Fourth, the subcategory ‘equal opportunity and no discrimination’ received a high CR among factory managers, factory workers, olive orchard owners, and orchard workers, showing acceptable working conditions (Table 6). These high values indicate that olive oil production in Guilan province has a good status regarding equal chances and no discrimination. The factory managers group’s CR for the indicator of ‘discrimination in the pay of male and female employees’ was 37.5%, and its actual score was determined to be 2 (Limited).

Furthermore, among factor managers, the indicator of ‘discrimination among farmers in the supply of raw material (olive)’ had a CR of 50%, and its actual score was 3 (Moderate). These low ratings indicate that the indicators in the ‘fair opportunities and no discrimination’ category are moderate, requiring more careful planning by the management to attain a higher level. However, since the sum score of all indicators in an impact subcategory is used to calculate its overall score, its overall status may be good.

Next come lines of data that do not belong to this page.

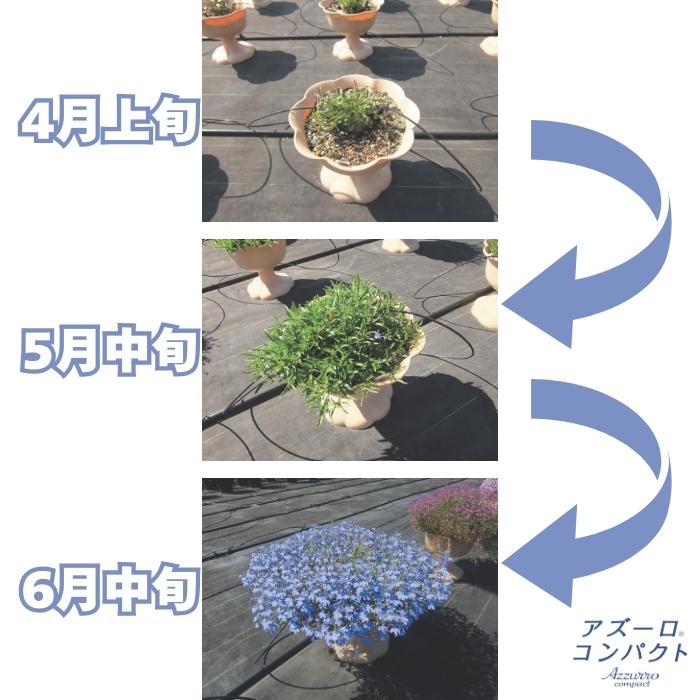 アズーロコンパクト 4品種×各1株セット 肥料付き 3.5号 花苗 青色の花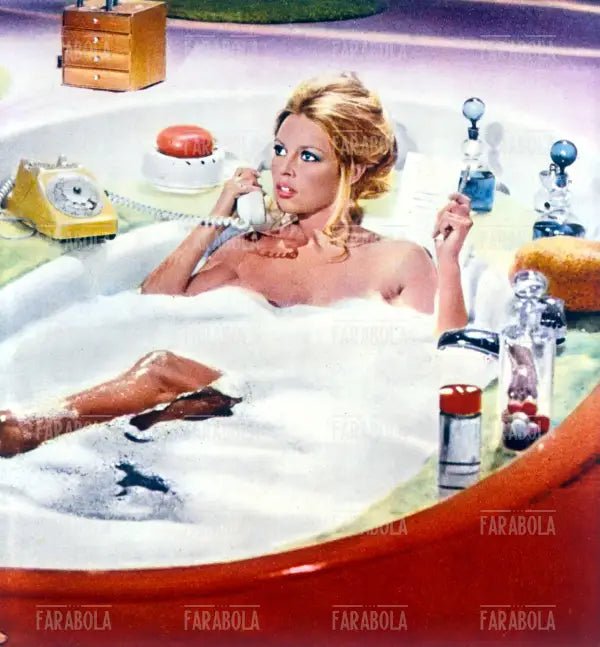 Brigitte Bardot, Film L'orso e la bambola, 1969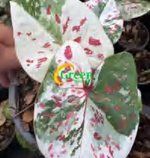 Caladium Peppermint Candy TC | Grower's Choice, Foshan Collection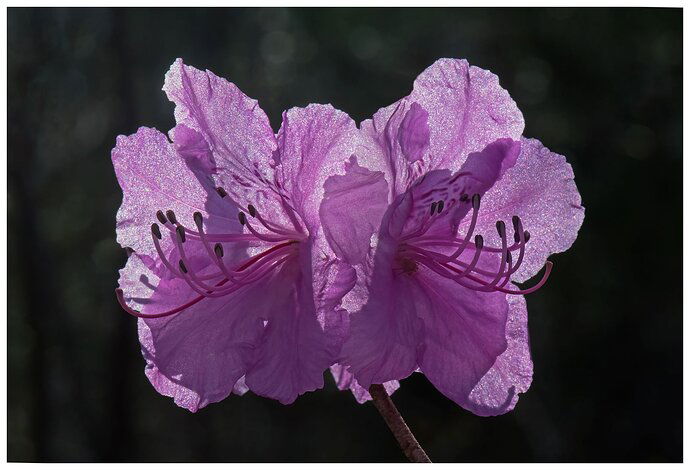 Wild Azaleas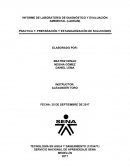 INFORME DE LABORATORIO DE DIAGNÓSTICO Y EVALUACIÓN AMBIENTAL (LADEAM)
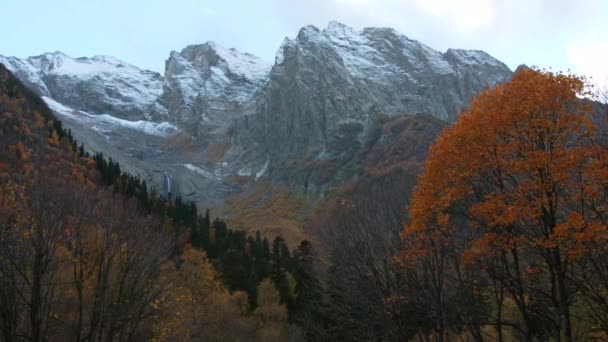Prachtig Uitzicht Herfstbomen Achtergrond Van Bergen Creatief Wilde Dieren Het — Stockvideo
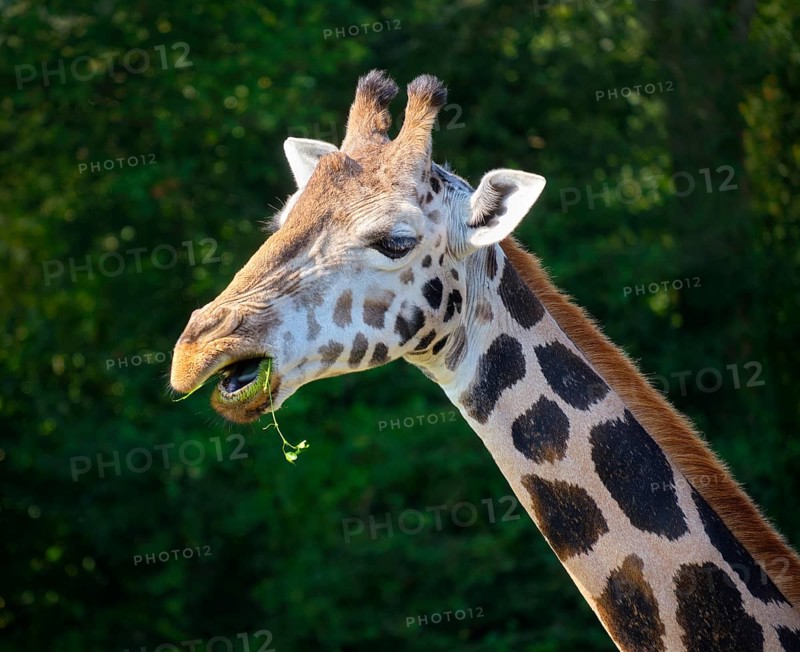 Rothschild's Giraffe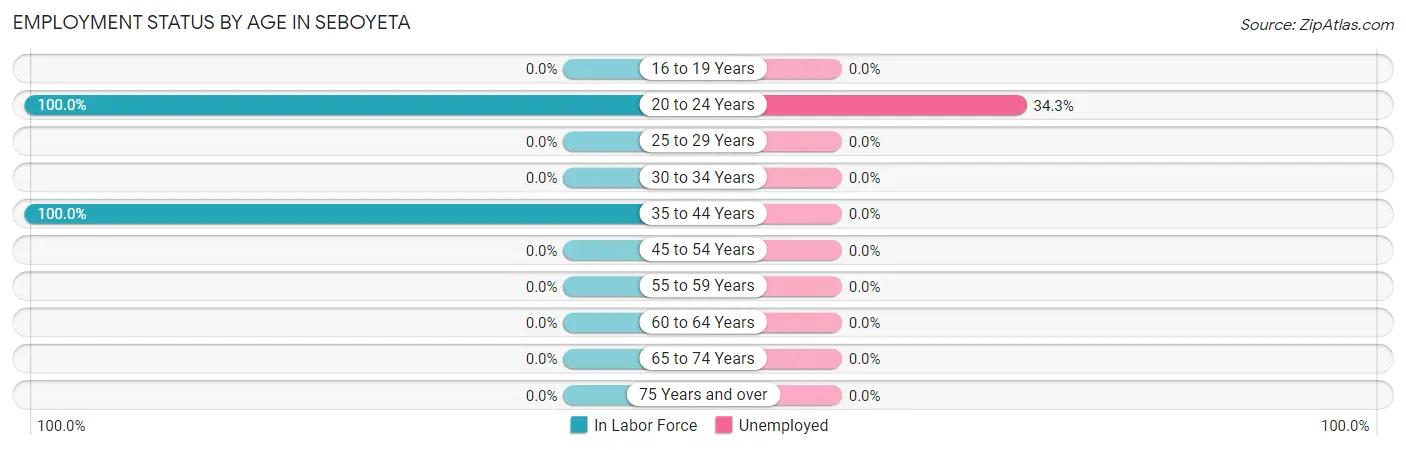 Employment Status by Age in Seboyeta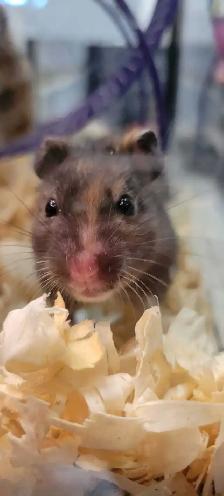 hamsters - Photo 2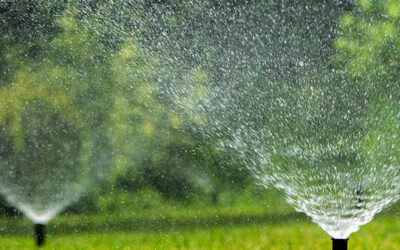 Seasonal Sprinkler Maintenance Checklist for Denver Homeowners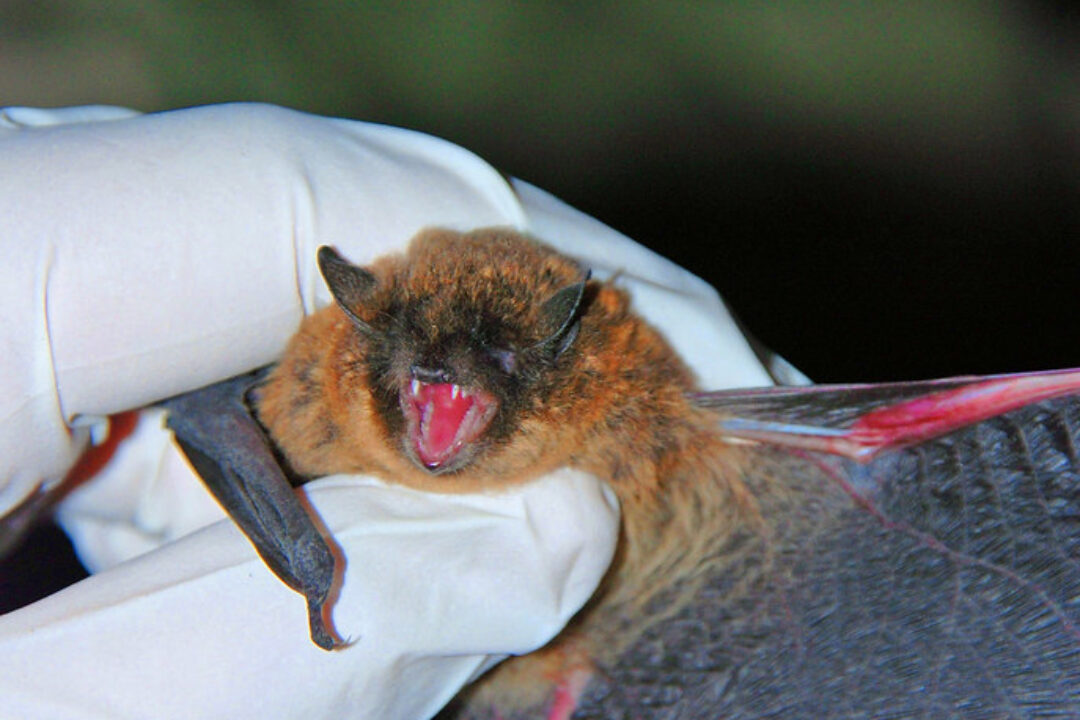 CLS Endorses Concern Raised by Nobel Laureates Over Termination of NIH Grant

Three stakeholders have been involved in this impact subcategory ‘discrimination among farmers in the supply of raw material (olive),’ including the factory managers, factory workers, and olive orchard workers. The CRs of this impact subcategory indicator varied from 1.4 to 87.5% (Appendix 2). This social impact subcategory is in a non-optimal condition in the olive oil production cycle considering the low CR of several indicators, such as ‘employee’s permission for membership in associations and collective negotiation with the employer’ in the group of the factory managers (50%), and the low CR of the indicator of ‘employees’ membership in worker unions’ in the group of the factory workers (3.5%) and olive oil orchard workers (1.4%). Also, the CR of the indicator of ‘providing conditions for workers to get acquainted with unions’ for factory workers was low. The CRs of this impact subcategory were also scored 1, 3, or 5 so that out of the seven studied indicators, three indicators were scored 5 (Good), one indicator was scored 3 (Moderate), and three indicators were scored 1 (Unacceptable). PRact was found to be 0.8 for the factory managers, 0.47 for the factory workers, and 0.6 for the olive oil orchard workers (Table 7). PRadj was found to be 0.76 for the factory managers, 0.45 for the factory workers, and 0.57 for the olive oil orchard workers (Table 7). Finally, PSadj was found to be 4 (Good) for the factory managers and 3 (Moderate), for factory workers and olive oil workers (Table 8). These scores mean that we are at the edge of moving toward non-optimal conditions in this impact subcategory, which should be checked and improved by olive oil production cycle officials and policymakers.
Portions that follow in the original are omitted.